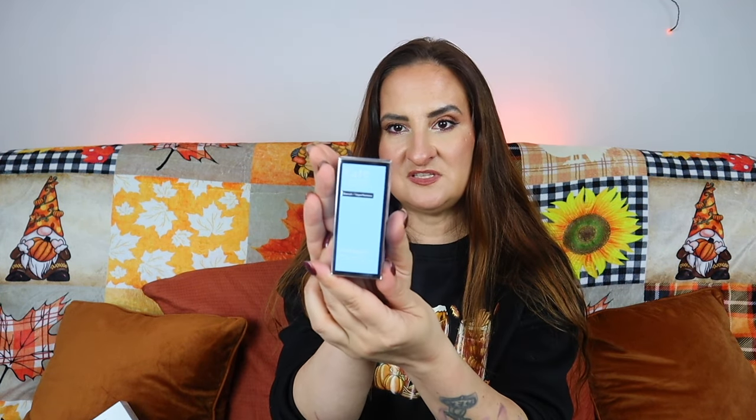Next up we have something by Kate Somerville — this is the Eradicating Blemish Treatment, 30ml, worth £24. It rapidly achieves clear skin featuring sulfur to swiftly clear skin, diminish redness and thwart future breakouts. That sounds amazing for someone with blemish-prone skin. I don't have that, so I won't be using this one personally. It says 'do not shake' — interesting — and you apply a small amount with a cotton swab to clean dry skin on affected spots, so it's a targeted treatment.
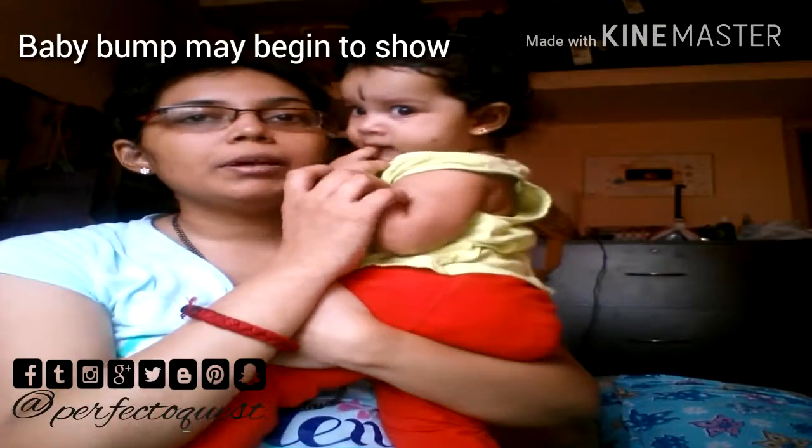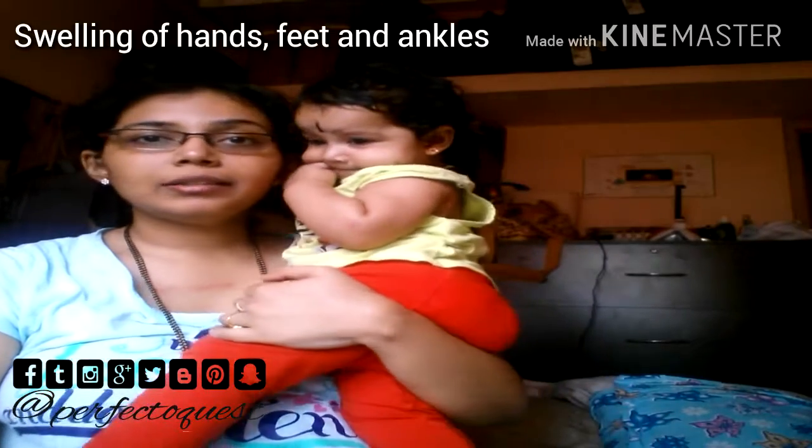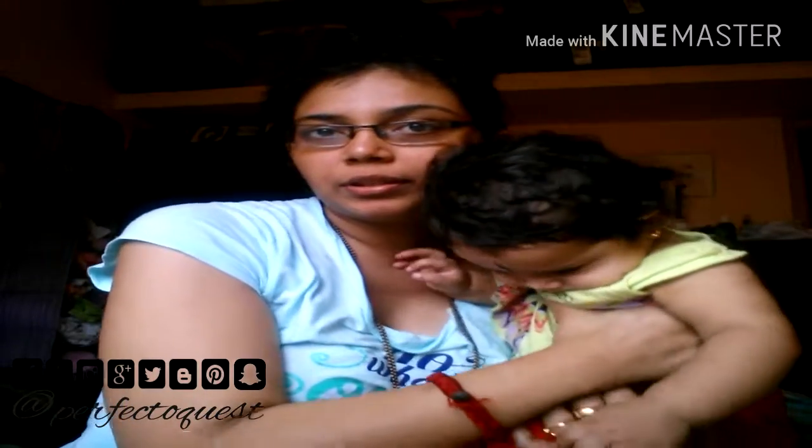So first of all, your baby bump may begin to show now. Swelling of your ankles, hands, and feet can happen, and this happens due to slow blood circulation.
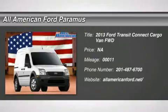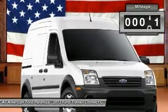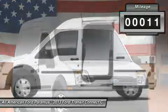The 2013 Transit Connect. Ford Transit, the right size, the whole world round. This vehicle has less than 100 miles.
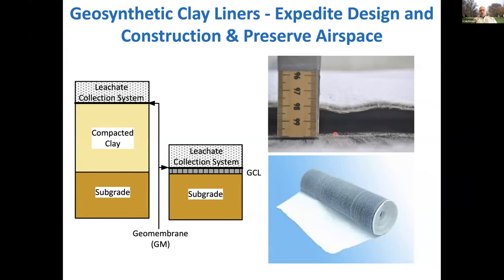Here's another schematic of a GCL with a couple of photographs on the right. They come in a roll, almost like a carpet — relatively thin. We're replacing a relatively thick composite barrier with a thin GCL and a geomembrane, saving all that space, that airspace, saving construction time, and getting something that actually functions better. Field performance data for composite barriers with a GCL shows they function equal or better than composite barriers with a compacted clay component.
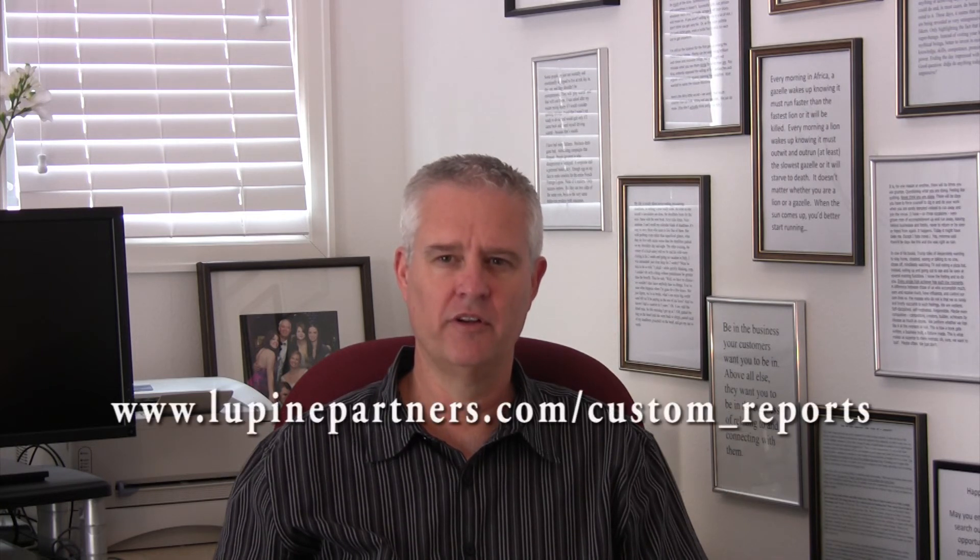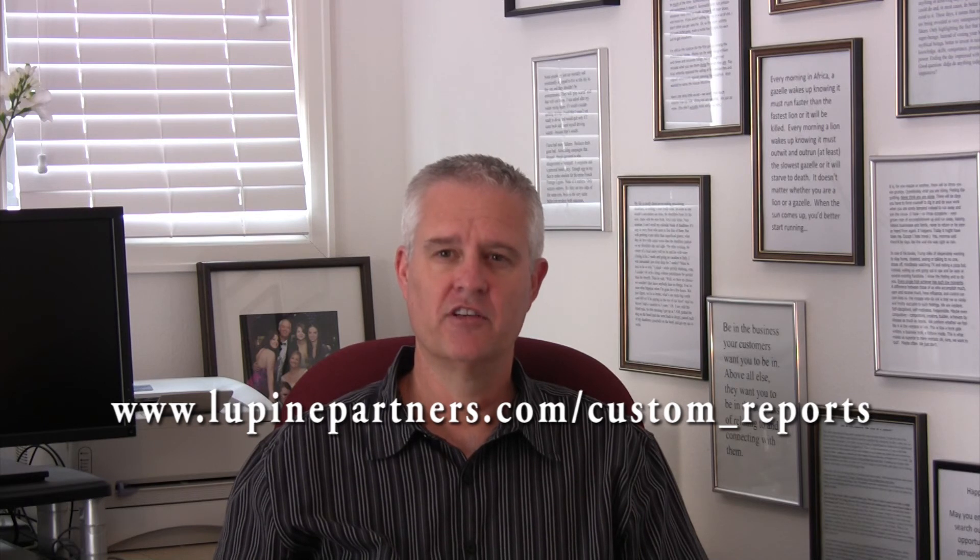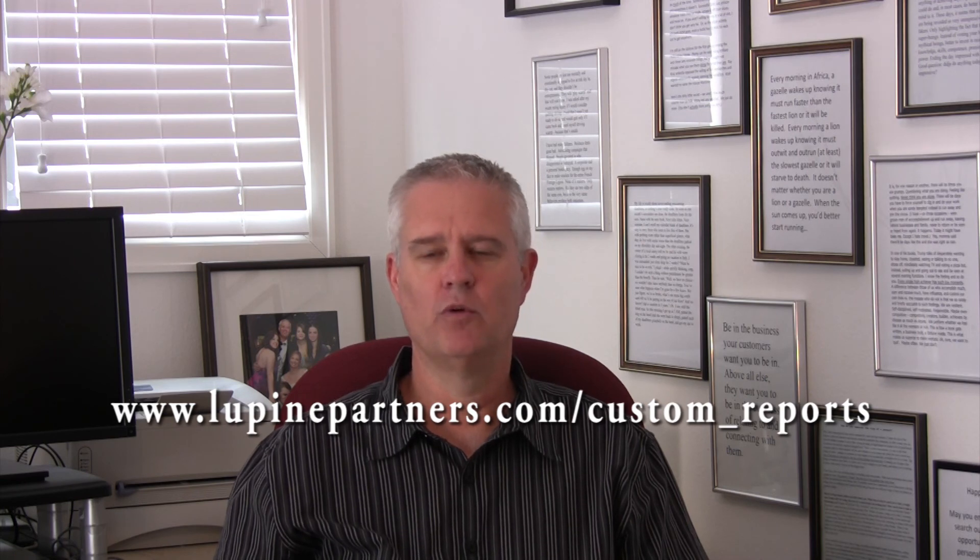Determining your reporting options in Yardi Voyager can be complicated. My ebook, Strategies and Considerations for Reporting in Yardi Voyager, will help you and is available for free. Just go to this link, fill in your name and email address, and I'll send it to you immediately. Thank you, I'm David Wolfe.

##########

## Exercise
Reproduce the opening lines of the material above exactly, ending with the line that contains "The 2013 Transit". Omit every picture.

## Task output
Next up we have something by Kate Somerville — this is the Eradicating Blemish Treatment, 30ml, worth £24. It rapidly achieves clear skin featuring sulfur to swiftly clear skin, diminish redness and thwart future breakouts. That sounds amazing for someone with blemish-prone skin. I don't have that, so I won't be using this one personally. It says 'do not shake' — interesting — and you apply a small amount with a cotton swab to clean dry skin on affected spots, so it's a targeted treatment.
So first of all, your baby bump may begin to show now. Swelling of your ankles, hands, and feet can happen, and this happens due to slow blood circulation.
The 2013 Transit Connect. Ford Transit, the right size, the whole world round. This vehicle has less than 100 miles.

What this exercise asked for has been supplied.